How I learned what made me happy.

The Inner Peace Top

This story begins at the end of my caregiving for my elderly parents. Dad 96 and mom, 92. R.I.P. As a caregiver, you rarely ever have enough time to take care of yourself, so after many years of it, I found myself in the worst shape of my life. Getting out of shape for someone like myself was a slow process. For years, I was that guy that hit the gym about four or five days a week. Not until I'd had turned 40 did I slow down. You know, responsibilities — equals not enough hours in the day.

When I first started back, I was a good thirty pounds overweight. Not only did I look lumpy, I felt lumpy, too. The first day back, l looked in the mirror and didn't know who was looking back. I had officially let myself go.

What was even worse, when I bent over or did anything laying on the ground, it seemed the tee-shirt I was wearing would always ride up. It would expose my belly and other areas, more toward the back end of me, which I will keep to myself for the moment. How embarrassing. Believe me, I could have done without this self-awareness. I looked around, there were more people shaped like me than were not, but that realization didn't help take the sting away. In a word, I was ashamed.

Duly motivated, right after the workout I drove to Walmart and bought a workout shirt two sizes too big. And the next day, while stretching and laying down, my belly didn't show, but it did keep getting caught on the weight lifting machinery. Strike two! The "how I looked, me" was having a battle with my "conceptual mind, me," and neither was winning.

Back again the following day, I had given up and gone back to wearing what could only be called my belly-tee. That day, while on the treadmill, I noticed this woman coming out of yoga class wearing two tops; she tucked one in, and the other pulled out. One would keep her belly from showing; the other would keep her waistline from showing. Brilliant! I couldn't wait to get home and try it out.

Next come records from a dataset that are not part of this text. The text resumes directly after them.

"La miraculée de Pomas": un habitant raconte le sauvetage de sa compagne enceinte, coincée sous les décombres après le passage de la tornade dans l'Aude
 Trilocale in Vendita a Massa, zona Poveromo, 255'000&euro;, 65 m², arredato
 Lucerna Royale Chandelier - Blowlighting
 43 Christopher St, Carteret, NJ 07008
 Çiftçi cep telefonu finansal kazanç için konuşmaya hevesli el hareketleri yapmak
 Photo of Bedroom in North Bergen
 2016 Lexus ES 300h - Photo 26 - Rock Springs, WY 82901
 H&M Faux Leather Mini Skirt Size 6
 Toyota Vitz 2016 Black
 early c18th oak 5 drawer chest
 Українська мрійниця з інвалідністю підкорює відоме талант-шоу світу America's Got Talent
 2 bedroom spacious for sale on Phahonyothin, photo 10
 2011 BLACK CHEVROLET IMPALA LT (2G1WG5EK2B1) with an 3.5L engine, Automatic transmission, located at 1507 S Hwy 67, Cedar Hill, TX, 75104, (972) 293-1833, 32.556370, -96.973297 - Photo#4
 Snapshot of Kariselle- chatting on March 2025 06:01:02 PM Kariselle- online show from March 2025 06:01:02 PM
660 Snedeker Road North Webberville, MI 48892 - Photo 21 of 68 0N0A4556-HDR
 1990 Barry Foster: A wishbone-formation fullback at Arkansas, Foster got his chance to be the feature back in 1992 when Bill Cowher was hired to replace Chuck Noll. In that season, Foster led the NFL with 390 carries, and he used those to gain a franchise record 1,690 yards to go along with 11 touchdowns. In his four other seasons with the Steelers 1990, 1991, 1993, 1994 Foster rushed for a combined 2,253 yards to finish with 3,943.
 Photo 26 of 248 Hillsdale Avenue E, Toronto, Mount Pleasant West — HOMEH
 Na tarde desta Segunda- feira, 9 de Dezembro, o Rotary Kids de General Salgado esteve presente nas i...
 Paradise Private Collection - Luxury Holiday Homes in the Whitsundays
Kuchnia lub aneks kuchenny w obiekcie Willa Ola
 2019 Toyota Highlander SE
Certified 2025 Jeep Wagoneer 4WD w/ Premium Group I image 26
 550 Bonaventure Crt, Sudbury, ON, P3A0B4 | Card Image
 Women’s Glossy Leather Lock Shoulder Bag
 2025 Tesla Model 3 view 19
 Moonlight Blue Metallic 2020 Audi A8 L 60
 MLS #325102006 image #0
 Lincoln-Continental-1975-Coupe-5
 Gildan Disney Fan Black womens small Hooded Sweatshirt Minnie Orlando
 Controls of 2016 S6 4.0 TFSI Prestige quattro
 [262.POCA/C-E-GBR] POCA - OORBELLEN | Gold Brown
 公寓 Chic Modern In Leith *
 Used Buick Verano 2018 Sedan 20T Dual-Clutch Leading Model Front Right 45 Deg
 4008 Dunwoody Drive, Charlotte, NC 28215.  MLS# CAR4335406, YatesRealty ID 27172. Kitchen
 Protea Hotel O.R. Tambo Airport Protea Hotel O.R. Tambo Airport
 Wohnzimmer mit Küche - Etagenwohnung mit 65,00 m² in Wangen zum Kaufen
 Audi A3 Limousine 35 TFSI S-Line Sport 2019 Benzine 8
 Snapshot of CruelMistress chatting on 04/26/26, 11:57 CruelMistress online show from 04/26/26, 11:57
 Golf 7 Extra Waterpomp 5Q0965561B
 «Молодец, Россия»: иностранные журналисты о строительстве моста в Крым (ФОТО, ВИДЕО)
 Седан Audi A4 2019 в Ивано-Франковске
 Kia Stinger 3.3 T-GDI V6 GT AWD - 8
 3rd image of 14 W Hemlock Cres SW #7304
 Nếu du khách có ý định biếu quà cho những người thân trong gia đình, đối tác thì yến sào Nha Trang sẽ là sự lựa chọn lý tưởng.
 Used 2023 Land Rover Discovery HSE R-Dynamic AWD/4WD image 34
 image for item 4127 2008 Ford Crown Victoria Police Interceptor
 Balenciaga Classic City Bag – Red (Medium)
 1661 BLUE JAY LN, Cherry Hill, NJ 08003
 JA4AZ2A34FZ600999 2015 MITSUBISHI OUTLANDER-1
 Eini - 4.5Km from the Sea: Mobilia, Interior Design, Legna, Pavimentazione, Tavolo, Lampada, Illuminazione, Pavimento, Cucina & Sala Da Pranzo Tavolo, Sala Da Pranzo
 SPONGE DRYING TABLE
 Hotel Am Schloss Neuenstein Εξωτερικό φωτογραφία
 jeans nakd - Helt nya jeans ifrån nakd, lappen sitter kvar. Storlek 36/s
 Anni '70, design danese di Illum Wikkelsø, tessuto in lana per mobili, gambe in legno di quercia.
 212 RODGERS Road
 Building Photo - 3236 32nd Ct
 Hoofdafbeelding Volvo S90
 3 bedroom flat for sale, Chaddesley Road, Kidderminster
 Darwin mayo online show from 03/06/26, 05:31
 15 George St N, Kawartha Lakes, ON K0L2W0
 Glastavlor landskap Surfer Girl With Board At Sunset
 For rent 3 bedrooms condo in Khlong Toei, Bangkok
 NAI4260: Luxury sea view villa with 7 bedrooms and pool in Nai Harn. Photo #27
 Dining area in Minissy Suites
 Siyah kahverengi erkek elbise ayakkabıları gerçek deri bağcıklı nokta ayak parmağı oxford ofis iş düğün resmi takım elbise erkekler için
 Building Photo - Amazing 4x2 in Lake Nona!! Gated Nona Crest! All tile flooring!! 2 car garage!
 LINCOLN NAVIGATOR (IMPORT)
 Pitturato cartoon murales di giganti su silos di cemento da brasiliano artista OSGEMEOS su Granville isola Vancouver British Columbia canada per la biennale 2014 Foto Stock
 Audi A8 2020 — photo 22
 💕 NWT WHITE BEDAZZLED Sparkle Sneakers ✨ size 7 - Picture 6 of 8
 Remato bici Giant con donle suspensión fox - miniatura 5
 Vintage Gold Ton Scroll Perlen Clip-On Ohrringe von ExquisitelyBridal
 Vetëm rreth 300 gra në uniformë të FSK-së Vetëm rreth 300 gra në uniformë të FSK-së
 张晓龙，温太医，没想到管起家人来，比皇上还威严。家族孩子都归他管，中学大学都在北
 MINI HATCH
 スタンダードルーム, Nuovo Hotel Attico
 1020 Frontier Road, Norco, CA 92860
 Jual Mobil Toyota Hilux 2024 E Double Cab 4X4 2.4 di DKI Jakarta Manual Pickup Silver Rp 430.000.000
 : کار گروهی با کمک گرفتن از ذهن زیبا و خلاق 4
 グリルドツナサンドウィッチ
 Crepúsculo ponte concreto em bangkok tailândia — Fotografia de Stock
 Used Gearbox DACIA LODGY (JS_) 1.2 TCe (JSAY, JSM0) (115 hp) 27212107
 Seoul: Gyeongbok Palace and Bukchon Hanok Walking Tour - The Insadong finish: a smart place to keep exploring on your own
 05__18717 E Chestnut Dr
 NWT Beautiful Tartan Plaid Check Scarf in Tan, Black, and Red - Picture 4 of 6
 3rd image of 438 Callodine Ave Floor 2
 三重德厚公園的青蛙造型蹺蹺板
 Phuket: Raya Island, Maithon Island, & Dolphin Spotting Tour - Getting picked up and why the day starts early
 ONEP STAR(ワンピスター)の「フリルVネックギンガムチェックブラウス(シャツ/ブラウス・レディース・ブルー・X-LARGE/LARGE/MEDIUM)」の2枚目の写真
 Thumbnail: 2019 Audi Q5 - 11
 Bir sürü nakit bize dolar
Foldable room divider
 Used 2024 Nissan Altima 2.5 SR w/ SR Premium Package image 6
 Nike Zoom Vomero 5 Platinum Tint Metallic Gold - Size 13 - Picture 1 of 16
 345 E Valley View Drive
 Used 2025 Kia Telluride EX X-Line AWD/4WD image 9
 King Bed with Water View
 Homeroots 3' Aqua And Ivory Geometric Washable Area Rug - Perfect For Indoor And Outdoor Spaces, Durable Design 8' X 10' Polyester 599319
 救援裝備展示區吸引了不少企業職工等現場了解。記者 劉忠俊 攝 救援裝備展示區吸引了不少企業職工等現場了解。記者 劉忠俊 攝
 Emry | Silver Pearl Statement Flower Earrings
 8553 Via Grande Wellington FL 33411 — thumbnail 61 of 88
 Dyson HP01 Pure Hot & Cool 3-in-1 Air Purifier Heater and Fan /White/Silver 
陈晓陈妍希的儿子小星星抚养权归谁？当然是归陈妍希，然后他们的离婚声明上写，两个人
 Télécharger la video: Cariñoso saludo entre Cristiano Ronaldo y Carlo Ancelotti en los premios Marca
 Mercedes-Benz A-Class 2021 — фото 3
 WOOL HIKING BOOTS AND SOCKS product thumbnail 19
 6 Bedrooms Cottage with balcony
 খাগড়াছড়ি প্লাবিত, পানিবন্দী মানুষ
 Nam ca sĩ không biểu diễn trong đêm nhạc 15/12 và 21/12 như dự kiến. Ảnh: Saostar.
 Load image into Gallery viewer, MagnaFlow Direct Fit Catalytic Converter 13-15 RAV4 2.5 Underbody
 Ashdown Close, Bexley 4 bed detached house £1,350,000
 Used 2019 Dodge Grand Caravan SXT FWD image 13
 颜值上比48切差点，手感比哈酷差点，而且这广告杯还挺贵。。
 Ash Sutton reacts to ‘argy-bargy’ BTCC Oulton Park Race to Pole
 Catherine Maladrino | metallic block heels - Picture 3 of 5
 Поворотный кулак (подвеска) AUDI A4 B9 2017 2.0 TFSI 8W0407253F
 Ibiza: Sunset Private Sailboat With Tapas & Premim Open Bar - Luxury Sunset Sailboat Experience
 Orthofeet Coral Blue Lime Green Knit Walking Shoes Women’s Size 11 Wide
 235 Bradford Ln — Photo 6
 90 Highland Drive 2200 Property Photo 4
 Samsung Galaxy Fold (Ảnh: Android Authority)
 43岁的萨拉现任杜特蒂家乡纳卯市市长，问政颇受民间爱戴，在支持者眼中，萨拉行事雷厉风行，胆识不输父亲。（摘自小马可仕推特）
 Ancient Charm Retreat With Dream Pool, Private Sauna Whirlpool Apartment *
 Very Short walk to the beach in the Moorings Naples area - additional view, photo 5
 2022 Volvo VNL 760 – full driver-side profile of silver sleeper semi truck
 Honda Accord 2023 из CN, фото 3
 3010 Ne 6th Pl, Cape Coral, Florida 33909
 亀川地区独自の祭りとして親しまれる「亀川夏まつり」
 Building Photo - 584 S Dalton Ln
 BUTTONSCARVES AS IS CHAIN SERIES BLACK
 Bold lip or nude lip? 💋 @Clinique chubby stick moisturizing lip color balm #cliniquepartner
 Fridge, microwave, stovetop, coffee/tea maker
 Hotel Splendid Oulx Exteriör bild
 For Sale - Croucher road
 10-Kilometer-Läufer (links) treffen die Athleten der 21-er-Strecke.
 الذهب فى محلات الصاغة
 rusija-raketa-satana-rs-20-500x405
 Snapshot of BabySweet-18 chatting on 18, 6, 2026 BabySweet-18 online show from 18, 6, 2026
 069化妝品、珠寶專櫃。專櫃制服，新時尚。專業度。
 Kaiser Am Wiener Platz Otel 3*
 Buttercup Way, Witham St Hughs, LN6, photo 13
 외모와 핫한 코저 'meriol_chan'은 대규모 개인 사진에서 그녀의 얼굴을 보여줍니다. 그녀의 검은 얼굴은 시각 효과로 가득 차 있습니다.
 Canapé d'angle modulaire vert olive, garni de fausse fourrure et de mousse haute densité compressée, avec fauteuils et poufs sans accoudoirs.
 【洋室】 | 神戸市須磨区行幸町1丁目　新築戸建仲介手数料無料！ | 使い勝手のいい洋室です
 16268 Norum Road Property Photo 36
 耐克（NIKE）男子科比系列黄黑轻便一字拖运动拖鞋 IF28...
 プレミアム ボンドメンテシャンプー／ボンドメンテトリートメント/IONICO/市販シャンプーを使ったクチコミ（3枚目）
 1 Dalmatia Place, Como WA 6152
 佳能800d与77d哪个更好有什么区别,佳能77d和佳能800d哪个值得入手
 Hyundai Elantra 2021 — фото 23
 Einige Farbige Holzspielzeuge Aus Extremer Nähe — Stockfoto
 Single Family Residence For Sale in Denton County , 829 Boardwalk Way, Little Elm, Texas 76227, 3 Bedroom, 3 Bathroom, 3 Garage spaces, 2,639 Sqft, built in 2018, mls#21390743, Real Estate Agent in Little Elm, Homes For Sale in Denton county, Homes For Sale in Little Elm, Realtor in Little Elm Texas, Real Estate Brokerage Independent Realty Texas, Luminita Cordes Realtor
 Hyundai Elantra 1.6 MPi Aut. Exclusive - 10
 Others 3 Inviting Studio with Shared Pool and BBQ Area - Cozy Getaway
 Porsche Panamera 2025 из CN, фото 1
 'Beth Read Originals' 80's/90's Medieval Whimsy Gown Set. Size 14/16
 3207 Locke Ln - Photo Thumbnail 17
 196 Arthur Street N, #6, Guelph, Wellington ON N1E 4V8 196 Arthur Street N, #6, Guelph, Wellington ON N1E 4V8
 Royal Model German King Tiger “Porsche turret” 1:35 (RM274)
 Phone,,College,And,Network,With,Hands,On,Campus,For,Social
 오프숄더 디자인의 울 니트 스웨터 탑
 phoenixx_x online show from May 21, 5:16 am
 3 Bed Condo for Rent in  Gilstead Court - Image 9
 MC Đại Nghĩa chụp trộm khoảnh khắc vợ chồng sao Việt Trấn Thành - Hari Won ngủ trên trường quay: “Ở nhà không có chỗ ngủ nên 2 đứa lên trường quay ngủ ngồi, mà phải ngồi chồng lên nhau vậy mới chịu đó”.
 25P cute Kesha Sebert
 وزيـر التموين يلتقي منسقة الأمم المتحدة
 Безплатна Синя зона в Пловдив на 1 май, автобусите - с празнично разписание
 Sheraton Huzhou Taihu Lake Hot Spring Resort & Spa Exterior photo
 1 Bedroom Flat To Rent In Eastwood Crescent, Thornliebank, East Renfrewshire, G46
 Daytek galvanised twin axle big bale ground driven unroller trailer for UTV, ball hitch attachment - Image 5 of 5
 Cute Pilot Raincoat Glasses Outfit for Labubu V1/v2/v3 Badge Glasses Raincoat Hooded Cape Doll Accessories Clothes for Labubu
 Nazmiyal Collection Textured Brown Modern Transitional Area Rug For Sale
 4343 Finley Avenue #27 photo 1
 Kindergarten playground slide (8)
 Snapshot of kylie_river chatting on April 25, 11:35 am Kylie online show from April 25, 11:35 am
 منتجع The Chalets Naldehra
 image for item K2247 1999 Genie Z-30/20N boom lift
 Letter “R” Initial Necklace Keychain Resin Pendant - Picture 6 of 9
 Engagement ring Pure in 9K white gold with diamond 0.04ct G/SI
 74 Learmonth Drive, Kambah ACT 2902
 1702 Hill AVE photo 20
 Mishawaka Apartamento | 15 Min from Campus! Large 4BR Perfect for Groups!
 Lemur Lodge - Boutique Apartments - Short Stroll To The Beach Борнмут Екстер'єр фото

When I had gotten home, I found that extra-large number, put it on, and tucked it into my gym shorts, and then had gotten another one, a normal-sized one, and thrown that on over the top. When I bent over — though the second top would ride up, the first top stayed snug as a bug in a rug. Eureka! I have found The Golden Chalice. The only problem was the larger top kind of "bounded up" in my shorts. As my mother might have said, "That doesn't look so nice," so I grabbed a pair of scissors and cut about four inches from the bottom up. Yeah, that's better, mom.

I had shown my roommate, who was a seamstress, and asked her, "What do you think?"

She said, "I can sew the two parts together and make them as one."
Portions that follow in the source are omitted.